After college, Crespin moved into consulting, working for KPMG and later for American Management Systems on accounts with corporations, big NGOs, and several government agencies, including the Department of Defense. In 1999, AMS nominated him to attend HBS’s General Management Program.
“It was a great honor,” Crespin says of his training at the School. “It really widened my horizons from being a project manager, being narrowly focused, to being a general manager and understanding how to manage a whole business.”
He particularly credits professor emeritus Joseph Bower, who coauthored Capitalism at Risk: Rethinking the Role of Business with fellow HBS professors Herman Leonard and Lynn Paine, for helping him expand his thinking about the role of business and his own career approach. “Joe was very insightful,” he says. “He really helped me create a lifelong learning program for myself.”
Crespin’s resolve and resiliency would be tested not long after he finished HBS, by what might be the shortest dot-com career on record. He accepted a job offer at an Internet startup in New York City at the height of the bubble, only to have the business fold just as he and his wife were packing for the move.
“The moving van was there,” says Crespin, who is now back in Falls Church, Virginia, with his wife and three children, “They told me, ‘Oh sorry, we’ve closed.’ The upside was that my severance paid for a new company.”
That company was the Delve Group, which focused on branding and communications services to business and professional services companies. In 2006, he and his partners created SharedXpertise Media and took over Corporate Responsibility Magazine, a publication modeled on CFO and Workforce magazines.

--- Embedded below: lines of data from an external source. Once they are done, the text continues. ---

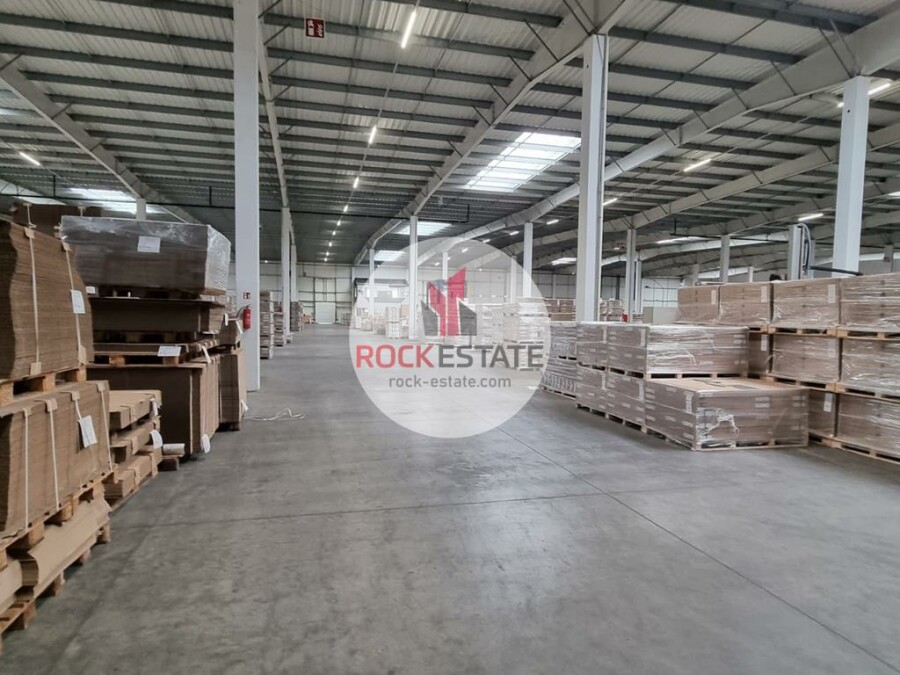 nowosolski, Bytom Odrzański, Bytom Odrzański, Warehouse for rent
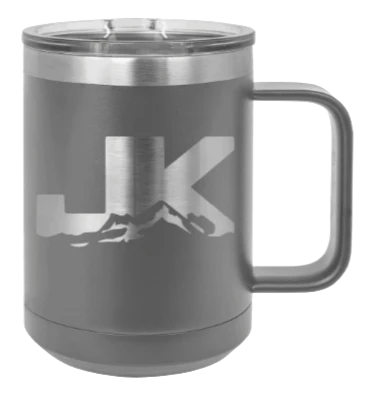 JK - 15oz Mug Laser Engraved - Image 4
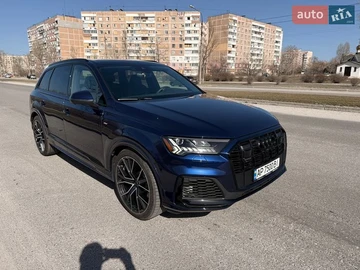 Авто Audi Q7 2023 № 8569137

“We were betting there would be a corporate responsibility officer who would have a similar budget to a head of HR or a CFO,” recalls Crespin, who also served as executive director of the Corporate Responsibility Officers Association until 2013. Things didn’t turn out the way the partners had originally envisioned, but Crespin was hooked on merging business with social responsibility and on getting private-sector executives, government officials, and nonprofit activists to think beyond their biases and preconceived notions of each other.
“If you think about how a business makes its money, it does so by specializing,” he notes. “Picking your head up and thinking about broader issues is not something you’re supposed to do, so getting a company to think about something outside its narrow interests is very difficult.”
Similarly, activists and government regulators are also immersed in the worldview of their own environments. “There’s bonding in running down the other and in saying, ‘At least we’re not a bunch of greedy bastards,’” Crespin says.
Breaking down those human barriers can be a first step toward getting to a place where a corporation can see the maximum benefit and minimum risk of collaborating on a potential solution to a big world problem. Once it’s translated into something that looks like it’s in the manageable interest of the corporation, he observes, cooperative solutions are possible.
“The mission really appealed to me,” Crespin notes. “Now it’s our mission in life, to accelerate collaboration between companies and governments and nonprofits.”